I must admit, however, that the spiritual concerns soon (and greatly) outstripped the material concerns. I quickly grasped humanity's limitations and its wonders. Both are impossible to understand while locked into a Western mindset. Western philosophy, which informs everything we do in the United States, is rotten to its core because it inherently seeks to mandate reality. As I've said before, human beings do not experience reality, they interpret it by comparing what is experienced to what is expected. All Western philosophies seek to control reality by mandating what it ought to be in the guise of describing what it is. Once human beings accept a particular description of reality for "what it is" they translate that into what reality ought to be, and they innately seek to construct institutions to reinforce that particular reality.
Certainty is the enemy of all mankind, and Western philosophy breeds certainty that is always unwarranted and never unwelcome to the power structure.
I've come to view the description of Taoism as a religion as a mistake. The Tao Te Jing is a humanist tract, not a philosophy or theology at all, but a coded message regarding the limitations and wonders of humanity. While I must accept that there is a religion that describes itself as "Taoism," there's no way for me to look at the Tao Te Jing's essential description of human nature and human cognition as a religion. Whoever wrote the original tract understood what it took for ideas to survive across centuries, and they planned well. Indeed, they planned well enough to make plain when "priests" stood between the people and the essential truth of humanity offered by the Tao Te Jing (e.g., Western translations often and obviously run counter to the spirite of the Tao Te Jing, which never takes sides; when an English translation of the Tao Te Jing takes a side, that is the side the Western translator took).
I'm not pimping Taoism. I am not now, nor will I ever be, a religious person. I am arguing, however, that Taoism cannot be properly viewed as a religion, that it must be viewed as a statement of the human condition, of how things work.
All Western philosophies are a statement of how things are and how they ought to be. As a result, all Western philosophies seek to define a state, i.e., something static. The Tao Te Jing describes how things work and, thus, defines a dynamic.

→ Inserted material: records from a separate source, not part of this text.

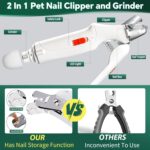2-in-1 Cat Nail Clippers & Dog Nail Clippers Trimmers for Large Medium Small Dogs Cats Claw Trimmer Quick Sensor and Safety Guard USB Rechargeable with 2 LED Lights Dogs Nail... by CATPICK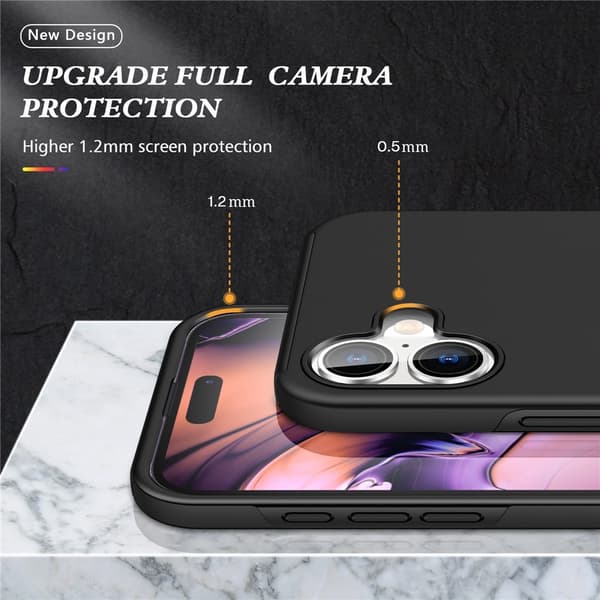 Til iPhone 17 Finger Ring Kickstand Hybrid Taske Black
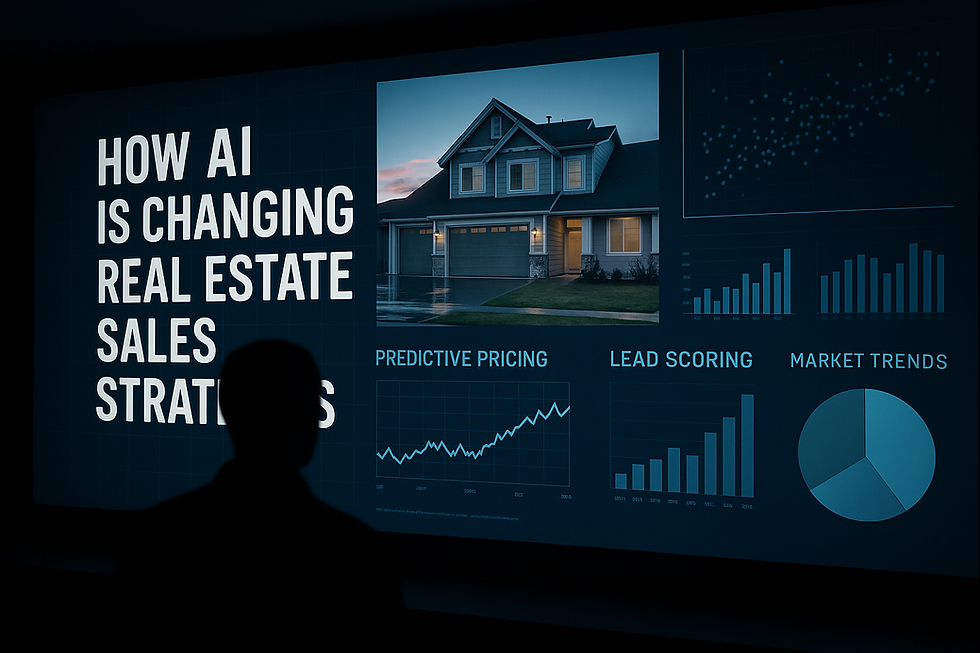 Ultra-realistic image showing a silhouetted real estate professional analyzing a large digital display with AI-driven real estate sales strategies, featuring predictive pricing charts, lead scoring graphs, market trend visualizations, and a property photo—highlighting the impact of AI in real estate sales.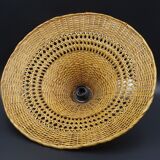 Rattan chandelier and lampshade - circa 1970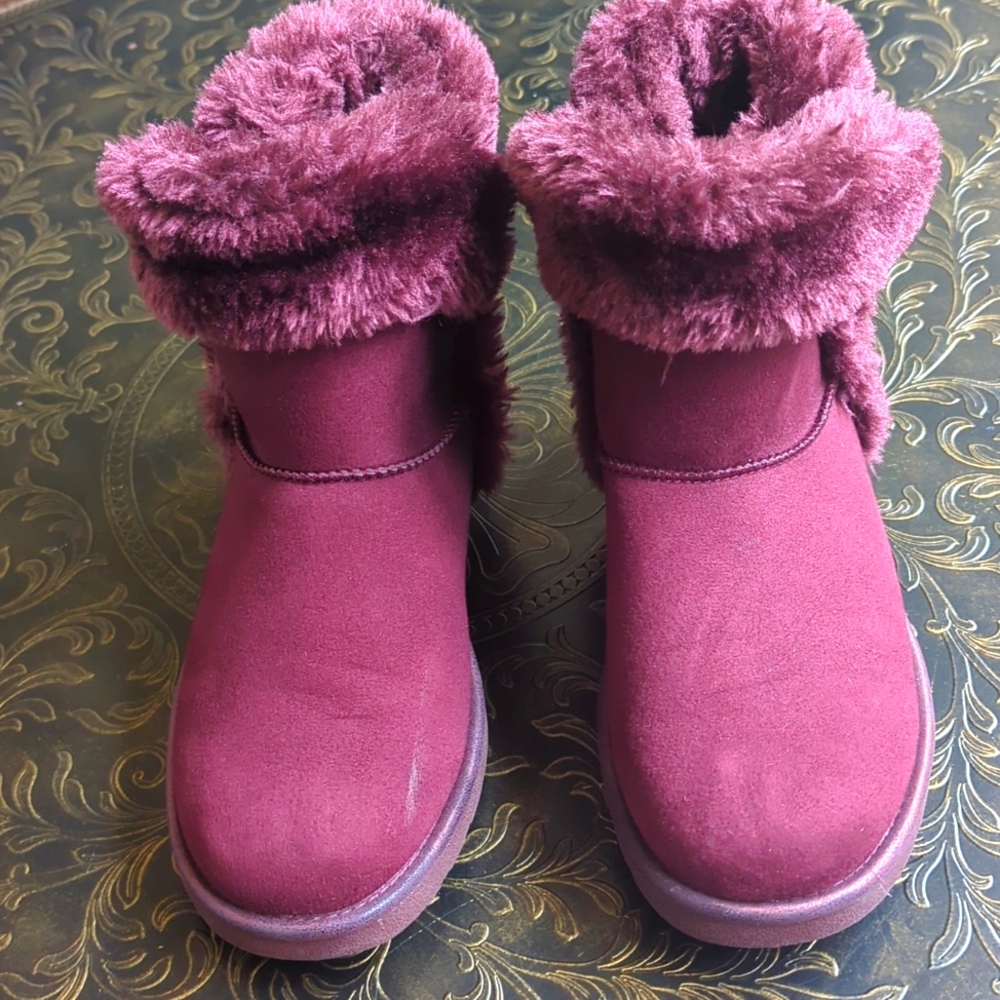 WOMEN'S Faux Fur Suede Snow Ankle Boots Wine Red Size 6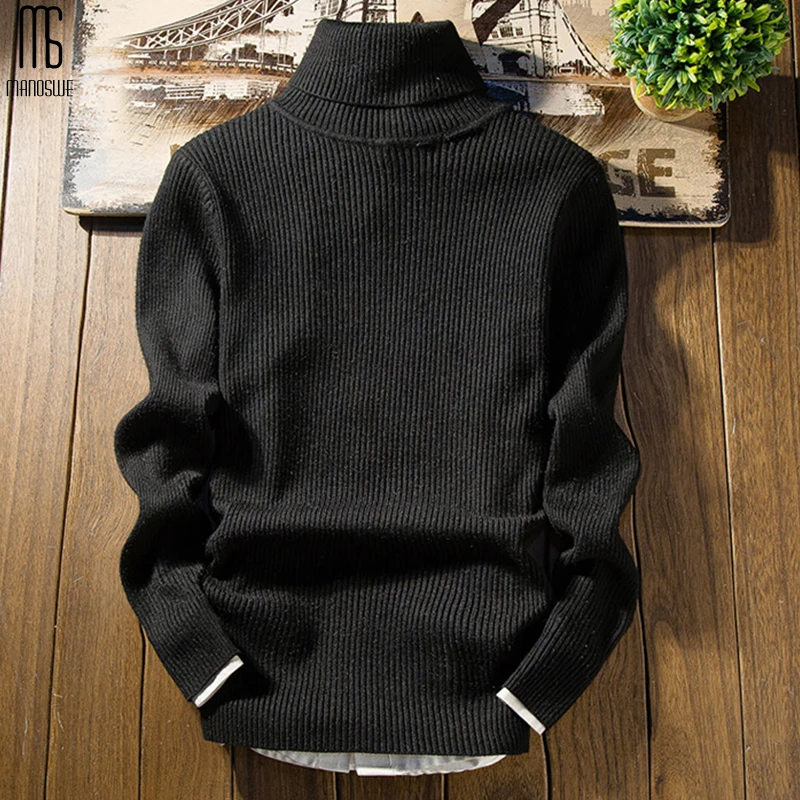 Manoswe мужской свитер с высоким горлом зимний теплый однотонный 2019 повседневная
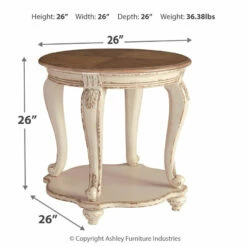 Best Pirce ๐ Ashley Furniture Realyn - White/brown - Round End Table Tables ๐คฉ 12 Ashley Furniture Realyn - White/brown - Round End Table Tables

Your choice is to choose between a world that is static and a world that is dynamic. The vast majority of our fellow citizens have been conditioned to expect a static world, a world with immutable truths and equally immutable falsehoods that leaves no room for the "moral relativism" of a dynamic worldview. The fact is that the morality of the static world is relativistic in that evil has continually been justified in pursuit of the rigid "morality." The morality of the dynamic world is always consistent because it recognizes that evil is a label applied to actions, not to people. Good people do evil. Evil people do good. The fact that a "good" person performs an evil act does not make it an act of good. Neither does the fact that an "evil" person performs a good act does not make it an act of "evil."
Whose morality is "relative"? Not mine. In a dynamic world, which is the world in which we live, it is acts that are good and evil, not people. The only way a person can be judged evil is if he or she consistently acts in a way that is evil.
Actions - not intentions or words-- are what matter.